DULUTH, Minn. (AP) — A Duluth City Council member said the city has neglected the upkeep of some of its most popular tourist attractions, including a replica Viking ship, and that he plans to propose the establishment of a $50,000 annual fund that would go toward their maintenance.
City Councilor Todd Fedora said he plans to propose a resolution that would establish the fund at a City Council meeting next week, the Duluth News Tribune reported Monday. The $50,000 would be drawn from the city’s tourism tax, and the fund would be used for future capital investments in Duluth’s tourist attractions.
“I think this would be a prudent investment, given the importance of tourism to our local economy,” Fedora said.
Duluth recently set aside $370,000 from its tourism tax collections to complete a major makeover of Enger Tower this summer without tapping into the city’s general fund or adding to its debt. The iconic 80-foot stone tower has been perched on the bluffs overlooking Lake Superior since 1939.
Fedora said he applauds the effort to restore the tower, but that it’s not Duluth’s only tourist attraction in need of attention.
Councilor Jim Stauber pointed to a replica Viking ship — the Leif Erikson — as an example of prolonged neglect.
Bert Enger and Emil Olson, a pair of local philanthropists, bought and gave the ship to the city in 1927 after it sailed all the way from Norway. At the time, the city pledged to shelter and maintain the vessel. But Stauber contends that Duluth hasn’t kept its promise.
The ship now sits tucked away in a corner of the city park that was named in its honor, covered in protective shrink wrap, without a shelter, and has not been available for public viewing for several years.
“We’ve seen a number of false starts,” Stauber said. “But it seems to be a case of `out of sight, out of mind’ for that Viking ship.”
Neill Atkins co-chairs a group called Save Our Ship that helped restore the weather-damaged ship in the late 1980s. The organization also has raised $67,000 toward a protective structure for the ship, but so far, Atkins said, the city has not actively joined in the effort.
Enger Tower was also a gift from Bert Enger, who emigrated from Norway to Duluth and made a fortune selling furniture.

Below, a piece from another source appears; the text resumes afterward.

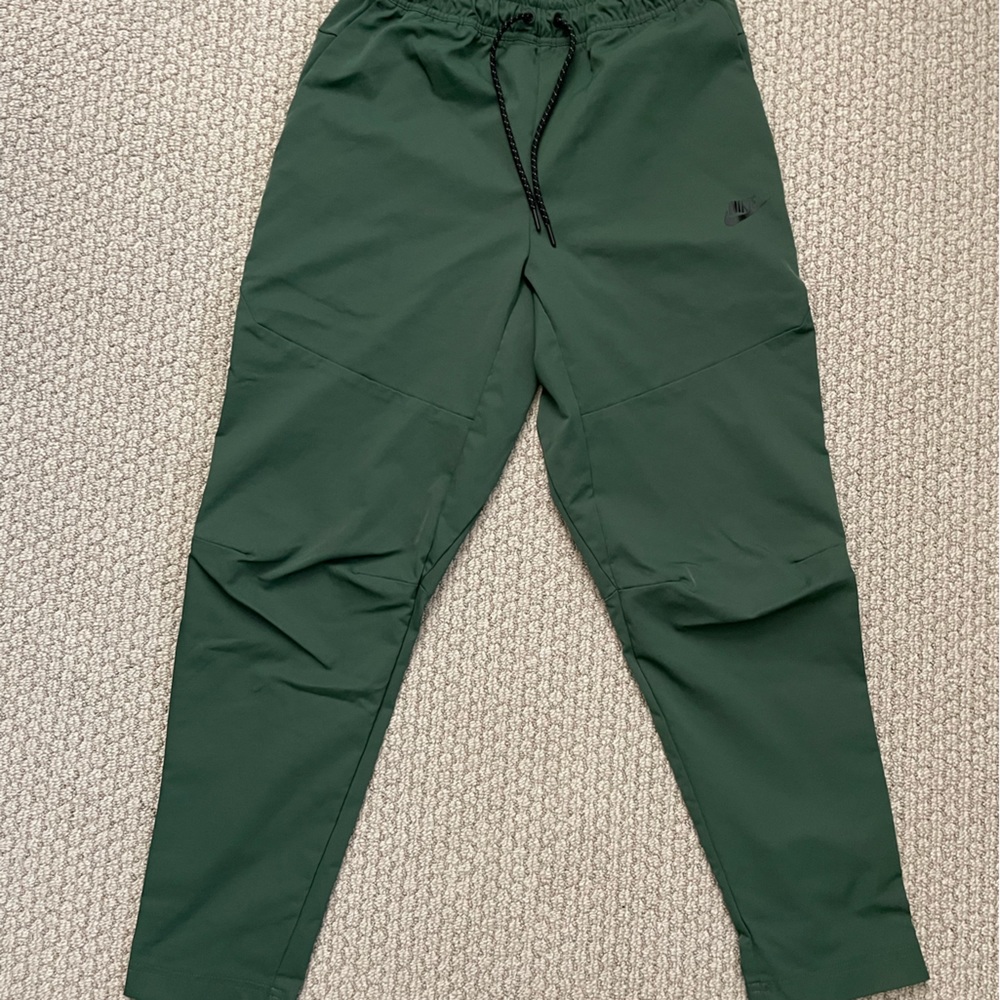 COPY - Nike windbreaker track pants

The scheduled visit of Norway’s King Harald V this fall to rededicate the tower could finally give the Viking ship project some traction, Atkins hopes.
“Maybe the visit will be enough of a stimulus to get the city off its duff and help us,” he said.

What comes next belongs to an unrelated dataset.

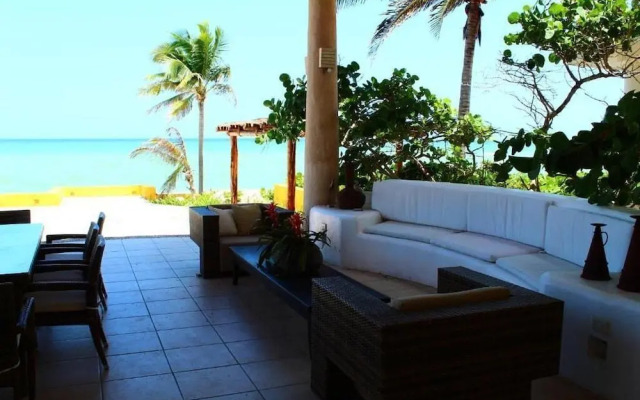 Uinic Chay Luxury Ocean Front Villa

Mayor Don Ness said Fedora’s proposal sounds similar to the strategy his administration used to build up enough money for Enger Tower and its surrounding park.

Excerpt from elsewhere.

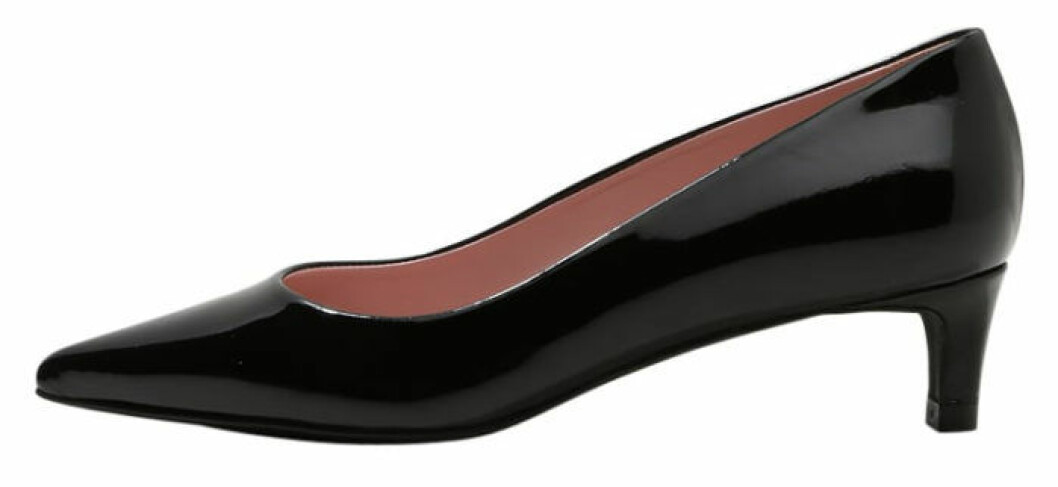 Pumps från <a href="https://apprl.com/sv/pd/4Wbm/" target="_blank" rel="noopener">Pretty Ballerina</a>.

“I agree with the concept and philosophy of setting aside money with an eye toward future capital needs,” he said.
But Ness suggested it might be helpful to earmark the money for specific projects because when the city faces financial crises, there will be temptations to use the money for other needs.
City Council President Sharla Gardner said she, too, was receptive.
“I think it’s an idea worth exploring,” she said. “I would like to know a little more about how exactly it would work, but I’m interested.”